All I know is the human race was eating dead animals and all that saturated fat for millennia and until the dawn of processed foods did not have near the trouble with things like heart disease and diabetes that we do now. Study some people that haven’t already spent half their life eating shit and sitting on their ass and get back to me. Ooops, can’t do that because just about everybody survives on shit nowadays.

[quote]Tiribulus wrote:
All I know is the human race was eating dead animals and all that saturated fat for millennia and until the dawn of processed foods did not have near the trouble with things like heart disease and diabetes that we do now. Study some people that haven’t already spent half their life eating shit and sitting on their ass and get back to me. Ooops, can’t do that because just about everybody survives on shit nowadays.[/quote]

i usually give that argument as well. the only downside, is well humans in the past didn’t live as long as they do today so they didn’t really have a chance to develop such problems as listed above, let alone have their arteries checked.

that being said, from a natural standpoint, we were designed to eat such food, we were not designed to eat margarine and oreos.

Exactly, something had to be blamed for all the heart attacks in this country…they targeted saturated fat for some reason, word spread like wildfire and a witch hunt was born. Dont eat butter or red meet b/c itll clog your arteries! But nobody says a word about all the isles of complete garbage in the supermarket, its all good since its reduced fat! or better yet, fat free!

[quote]Fulmen wrote:
I sure as hell hope no one forgot the only way to synthesize testosterone is with cholesterol.

Thus saturated fat is necessary. If everyone followed the adage “too much or too little of anything is bad”, then we’d be okay.[/quote]

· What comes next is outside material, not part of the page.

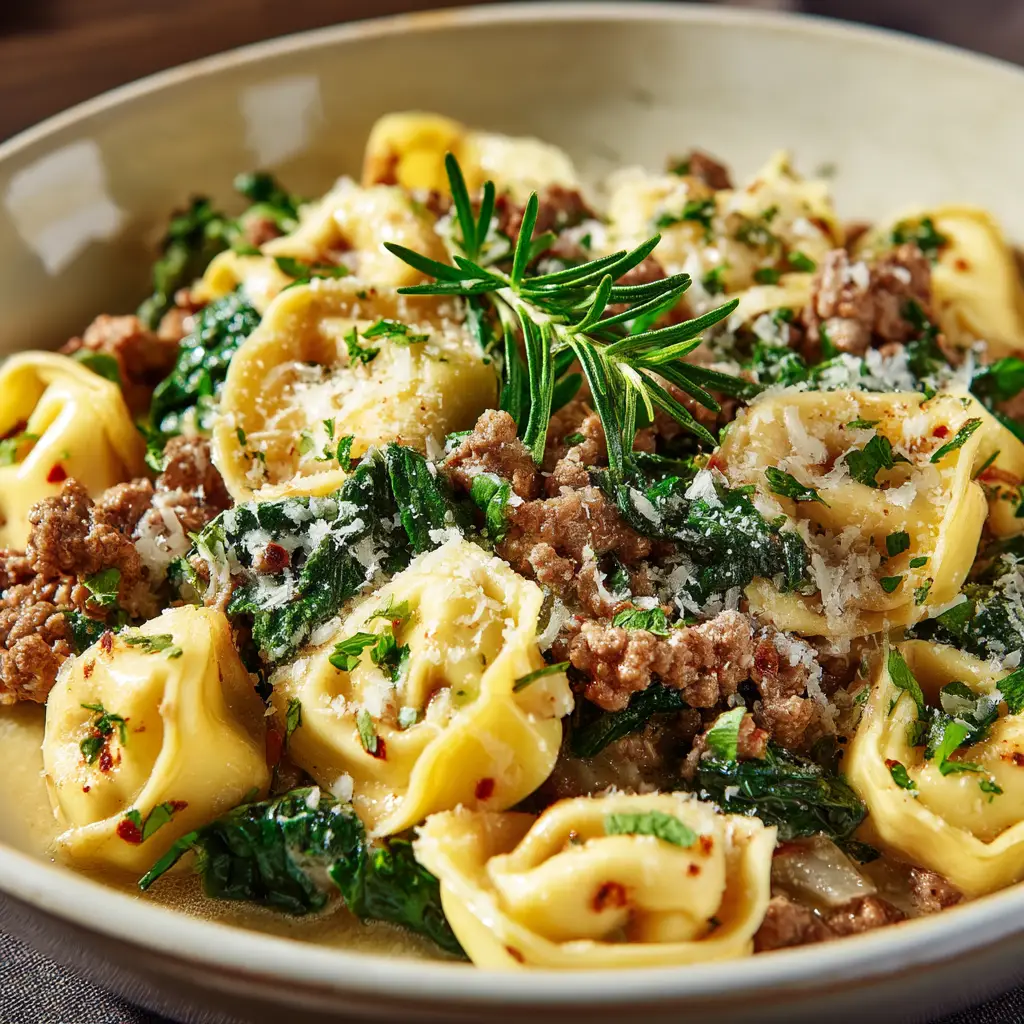 Beef and Spinach Tortellini: A 30-Minute One-Pan Meal 1 A serving of the finished one-pan beef and spinach tortellini in a rustic skillet, ready to be served.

I think this is the answer to the original question that I posted. As a woman though, how does important is saturated fat? I would imagine less saturated fat would be needed in the diet of a woman as compared to a man’s diet. Does anyone have an opinion on this idea?
Just for the record I completely agree that trans fats are garbage and to be avoided. I have actually been avoiding them (as well as many other additives) for about ten years. My mother thought some of my non-mainstream beliefs were a bit cookey at the time but now that word gets out and the media uses it to make money it suddenly seems believable. Ahh the all mighty media. Don’t get me started on the whole grain thing too. Hey aren’t Sugar Corn Pops cereal made with whole grain? Must be healthy.